Understand parallelism and concurrency needs for hardware modeling. Simulation semantics of Verilog. Drawing timing diagrams, and basic introduction to Modelsim.


To run the examples accompanying this lecture, please checkout the git repository

$ ssh <username>@eceubuntu.uwaterloo.ca
$ mkdir $HOME/ece327-lectures
$ cd $HOME/ece327-lectures
$ git clone gitlab@git.uwaterloo.ca:ece327-lectures-s19/02-sim.git
$ cd 02-sim/code

Ordering of Execution

When understanding RTL design, we need to first understand the simulation semantics of the language. Hardware simulators are fundamentally managing execution of parallel hardware components described in a sequential manner. Different always blocks will execute in parallel but still produce consistent results independent of which block executed first. In hardware, these components will be continuously in operation.

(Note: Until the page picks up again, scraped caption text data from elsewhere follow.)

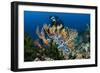 SCUBA Diving, Indonesia-Georgette Douwma-Framed Photographic Print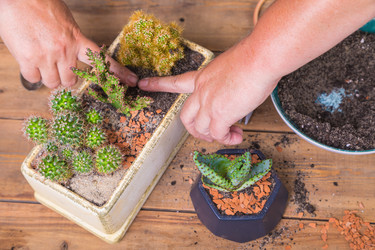 Similar image 21084828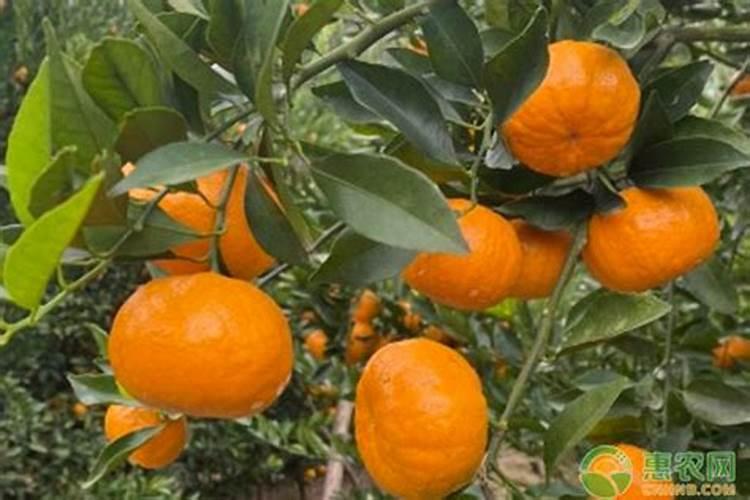 葡萄浇水的正确方法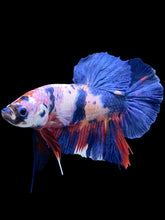 Load image into Gallery viewer, GIANT Male Halfmoon Plakat - Candy #1342 - Live Betta Fish
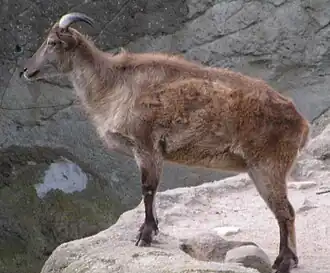 alternativní popis obrázku chybí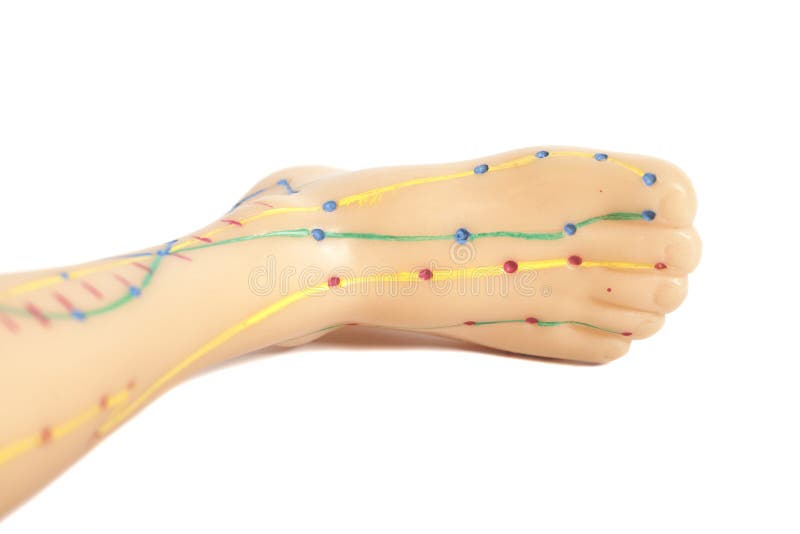 Medical Acupuncture Model of Human Feet Stock Image Image of human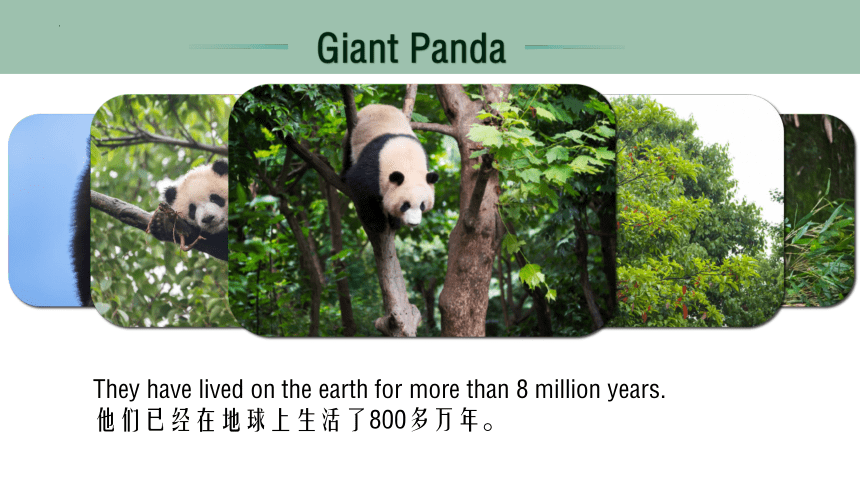 小学英语高年级外国科普动画赏析——Giant Panda大熊猫 课件(共60张PPT)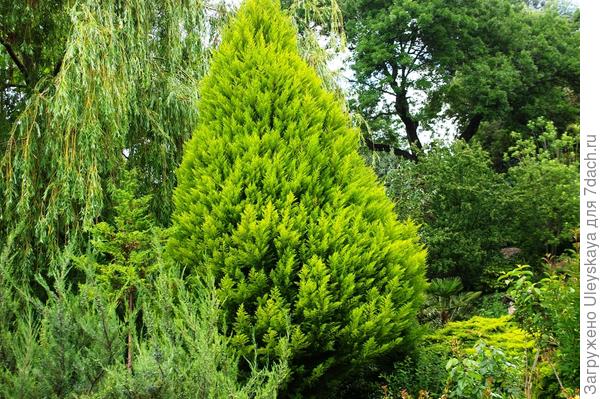 Южанин кипарисокипарисовик Лейланда Light Green близок к кипарисовику нутканскому, фото автора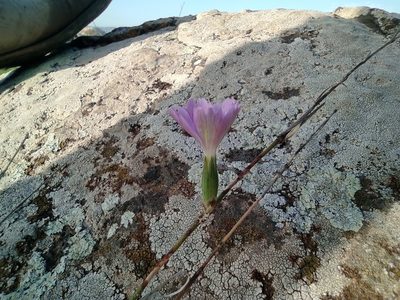 Dianthus strictus, photographed by Aryeh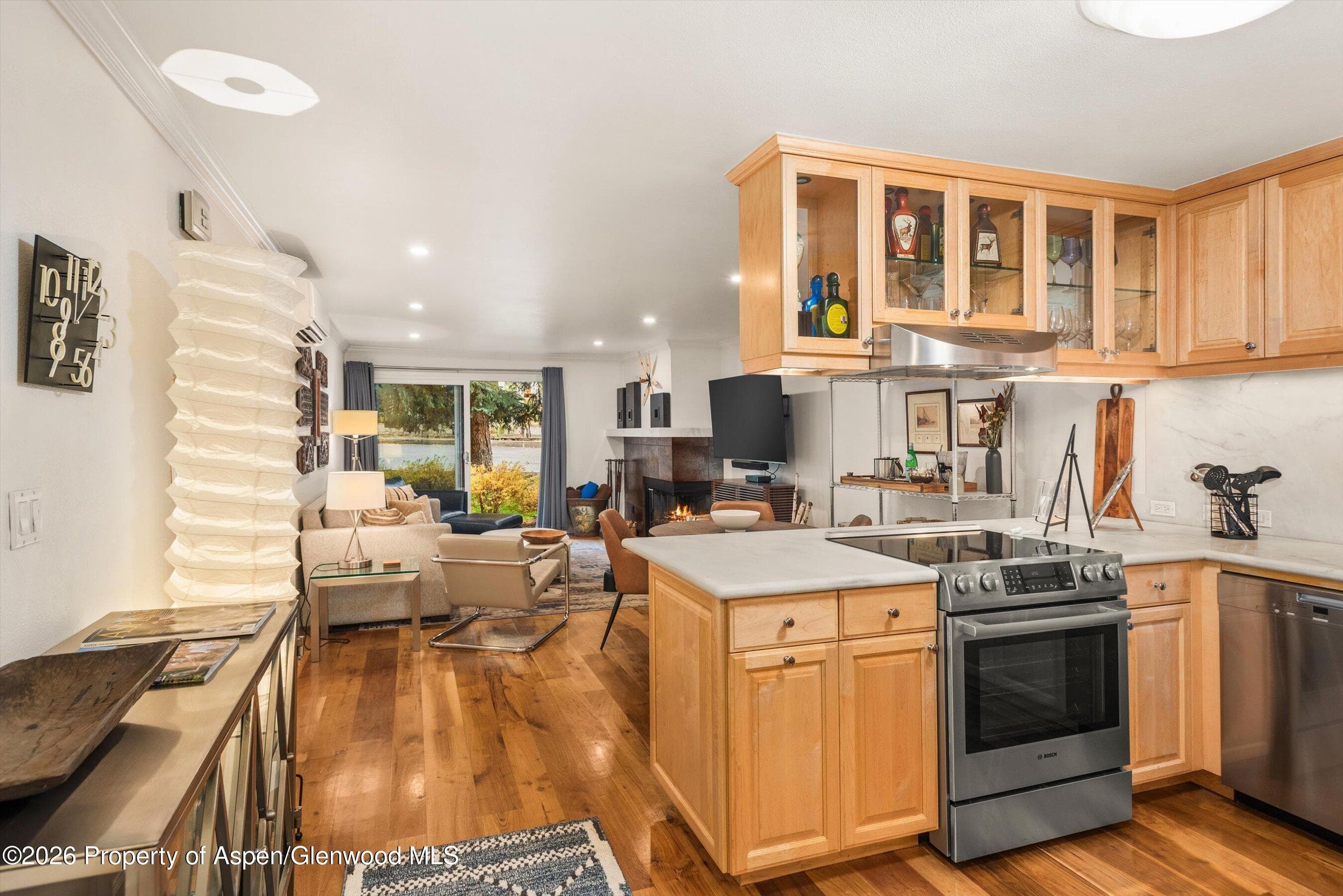 205 E Durant Avenue 1-B, Aspen, CO 81611 - Photo 5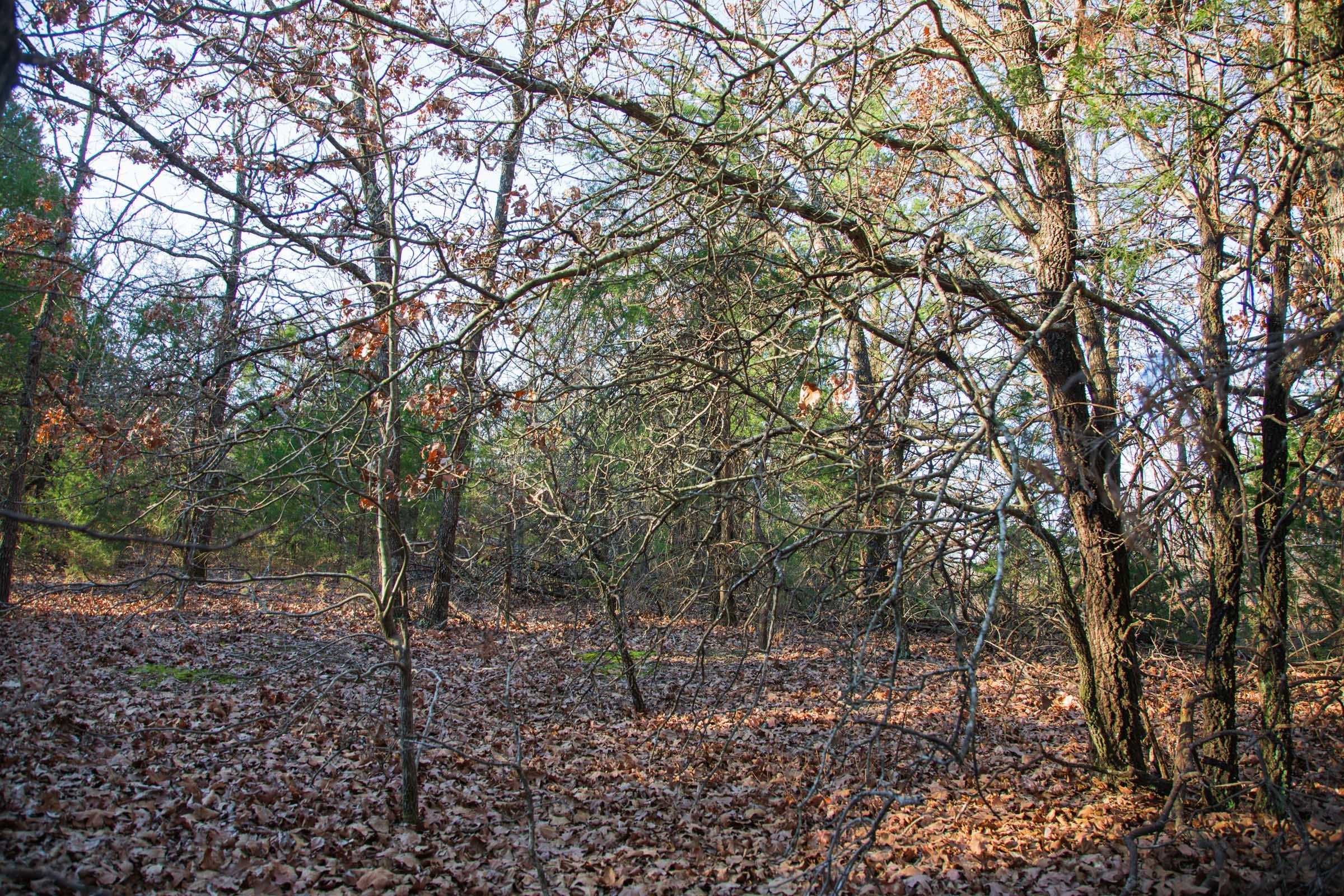 Eufaula Cove Tract 27 photo 12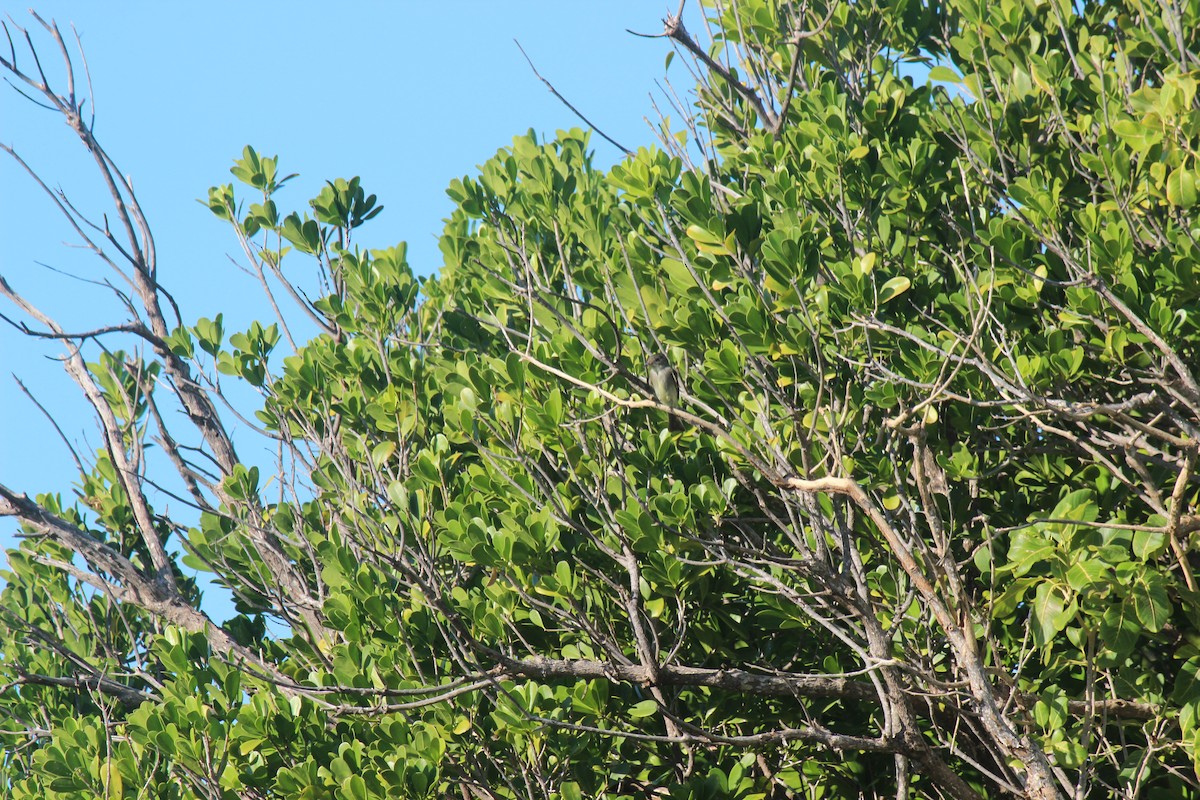 Élénie siffleuse - ML645802313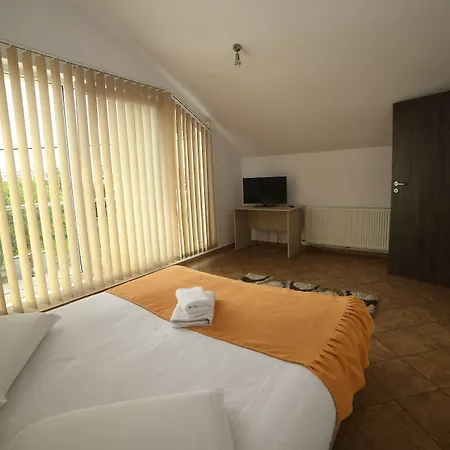 Gasthuis Pensiunea Zbor 1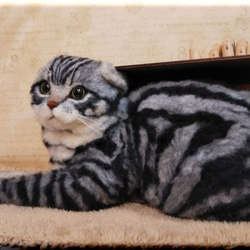 羊毛フェルト　猫　箱入りスコティッシュフォールド　猫フィギュア 2枚目の画像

We first look at how a simple example with two always blocks will be processed by the simulator to give you consistent stable results. The order of selection of the always block does not matter due to the evaluation model of non-blocking statements.

$ cat example.v
    reg  a=1'bX;
    wire b=1'b1;

    always @(b) begin : thread_1
        a <= b + 1;

    always @(a) begin : thread_2
        c <= a + 1;

So in this example we have two blocks thread_1 and thread_2. The output of thread_1 is the signal a. This is an input to the second blocks thread_2. As discussed in the lecture, if they are allowed to execute in an ad-hoc manner, we will get some weird intermediate values of the signals.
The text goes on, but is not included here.